▸ What is required
Only one stretch of the data below is wanted: the lines from the one with "冬天小熊围巾帽女可爱韩版百搭围巾手套帽子护..." through the one with "Saint-Vincent House |", repeated exactly.

Top of Supplied data

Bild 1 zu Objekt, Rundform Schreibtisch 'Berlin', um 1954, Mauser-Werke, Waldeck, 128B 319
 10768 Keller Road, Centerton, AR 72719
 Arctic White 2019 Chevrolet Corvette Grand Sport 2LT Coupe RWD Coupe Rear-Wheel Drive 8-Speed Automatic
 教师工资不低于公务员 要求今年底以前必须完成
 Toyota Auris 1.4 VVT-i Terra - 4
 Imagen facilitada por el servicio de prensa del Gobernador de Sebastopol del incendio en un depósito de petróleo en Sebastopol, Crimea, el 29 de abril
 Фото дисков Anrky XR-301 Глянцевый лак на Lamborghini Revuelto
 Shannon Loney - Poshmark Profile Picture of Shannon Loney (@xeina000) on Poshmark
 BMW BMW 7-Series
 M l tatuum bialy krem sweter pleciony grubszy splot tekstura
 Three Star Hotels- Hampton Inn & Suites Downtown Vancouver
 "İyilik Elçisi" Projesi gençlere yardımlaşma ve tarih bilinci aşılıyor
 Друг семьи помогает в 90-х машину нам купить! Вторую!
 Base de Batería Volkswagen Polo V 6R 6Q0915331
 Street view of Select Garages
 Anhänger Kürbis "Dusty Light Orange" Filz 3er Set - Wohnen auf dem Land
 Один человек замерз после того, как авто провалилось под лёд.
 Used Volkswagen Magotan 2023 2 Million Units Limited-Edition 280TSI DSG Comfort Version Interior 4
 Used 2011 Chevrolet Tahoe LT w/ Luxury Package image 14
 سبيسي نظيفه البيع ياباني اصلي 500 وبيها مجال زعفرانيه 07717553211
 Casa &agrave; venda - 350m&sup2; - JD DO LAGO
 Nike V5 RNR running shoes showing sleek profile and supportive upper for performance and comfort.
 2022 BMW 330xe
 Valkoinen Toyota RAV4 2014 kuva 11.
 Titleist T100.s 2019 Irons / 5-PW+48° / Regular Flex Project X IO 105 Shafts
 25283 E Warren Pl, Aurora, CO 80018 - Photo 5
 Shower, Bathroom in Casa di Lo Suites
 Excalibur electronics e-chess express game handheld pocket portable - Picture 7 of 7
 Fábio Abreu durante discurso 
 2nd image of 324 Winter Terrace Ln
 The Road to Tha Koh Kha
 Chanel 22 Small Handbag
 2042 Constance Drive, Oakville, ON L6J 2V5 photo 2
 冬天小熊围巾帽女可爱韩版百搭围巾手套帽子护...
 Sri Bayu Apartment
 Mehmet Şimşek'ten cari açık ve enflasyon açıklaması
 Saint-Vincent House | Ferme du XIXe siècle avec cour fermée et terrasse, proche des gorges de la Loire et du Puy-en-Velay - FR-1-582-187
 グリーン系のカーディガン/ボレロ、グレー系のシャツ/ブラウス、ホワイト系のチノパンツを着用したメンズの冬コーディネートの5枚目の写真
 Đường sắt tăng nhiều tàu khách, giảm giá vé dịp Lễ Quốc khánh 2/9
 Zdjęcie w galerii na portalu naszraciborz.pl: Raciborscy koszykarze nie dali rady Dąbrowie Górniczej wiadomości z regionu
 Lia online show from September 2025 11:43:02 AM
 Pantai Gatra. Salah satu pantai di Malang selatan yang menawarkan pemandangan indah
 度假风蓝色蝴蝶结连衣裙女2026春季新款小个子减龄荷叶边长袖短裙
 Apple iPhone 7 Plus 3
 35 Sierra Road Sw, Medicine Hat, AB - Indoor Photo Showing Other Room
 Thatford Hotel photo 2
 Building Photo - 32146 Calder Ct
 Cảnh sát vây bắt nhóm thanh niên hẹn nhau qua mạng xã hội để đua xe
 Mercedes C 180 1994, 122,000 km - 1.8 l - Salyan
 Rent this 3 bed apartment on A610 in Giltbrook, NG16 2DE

Bottom of Supplied data

▸ Task response
 冬天小熊围巾帽女可爱韩版百搭围巾手套帽子护...
 Sri Bayu Apartment
 Mehmet Şimşek'ten cari açık ve enflasyon açıklaması
 Saint-Vincent House | Ferme du XIXe siècle avec cour fermée et terrasse, proche des gorges de la Loire et du Puy-en-Velay - FR-1-582-187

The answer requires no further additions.